Initially, the bands played in church halls, managed by the local priest (who would measure the distance between couples to make sure the Holy Ghost would be able to fit between them), and where nothing stronger than soft drinks (“minerals” as the Irish have it) were served.

But pretty quickly promoters realised there was money to be made and commercial dance halls started springing up all over the place. At their peak, it is estimated there were more than 600 showbands working in Ireland – including the Royal Showband, the Miami Showband, Big Tom and the Mainliners, and Margo and the Keynotes – and they were household names, regularly pulling crowds of more than 1,000 people to ballrooms, six nights a week.

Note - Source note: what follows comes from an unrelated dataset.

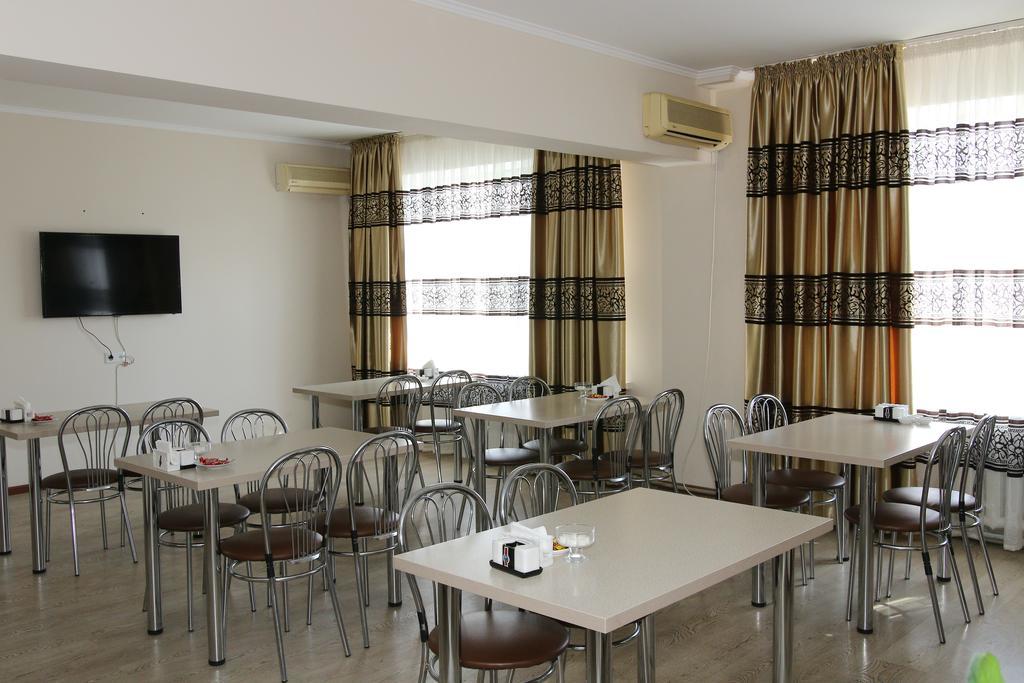 Kausar Hotel Alma-Ata Buitenkant foto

O’Hanlan spoke to several members of the best-known bands, who spoke with affection about their time on the road, not just in Ireland but in the UK too. Anywhere there was an Irish community there was a dance hall and many showbands were as popular here as back home. Some, like the Royals and the Miami, even went to Las Vegas, though with differing success.

O’Hanlon pointed out that showbands managed to work through the Troubles in Northern Ireland – their fans, from either side of the religious divide in Northern Ireland, didn’t care they were from the Republic. As Steve Travers of the Miami Showband said: “A showband is a perfect blueprint for integration,” while his bandmate Des Lee said: “We stayed away from politics. Our aim was to deliver two hours of entertainment.”

But then sectarianism did affect them. On 31 July 1975 when the Miami Showband were returning to Dublin late one night from a gig in County Down, a group of loyalist paramilitaries from the Ulster Volunteer Force attacked their van, killing three of the band. Some would read the attack as the beginning of the end for showbands, but in truth it was Ireland’s steps towards liberalising licensing laws – bars and hotels could now serve alcohol while live bands were playing, for instance – that did for them, as well as a new wave of emigration from Ireland’s rural areas, which took away much of the showbands’ fanbase.

There was little in the way of backstage gossip and it was a lot to run through, but O’Hanlon, with some excellent archive material and interesting reminiscences, made this an enjoyable hour.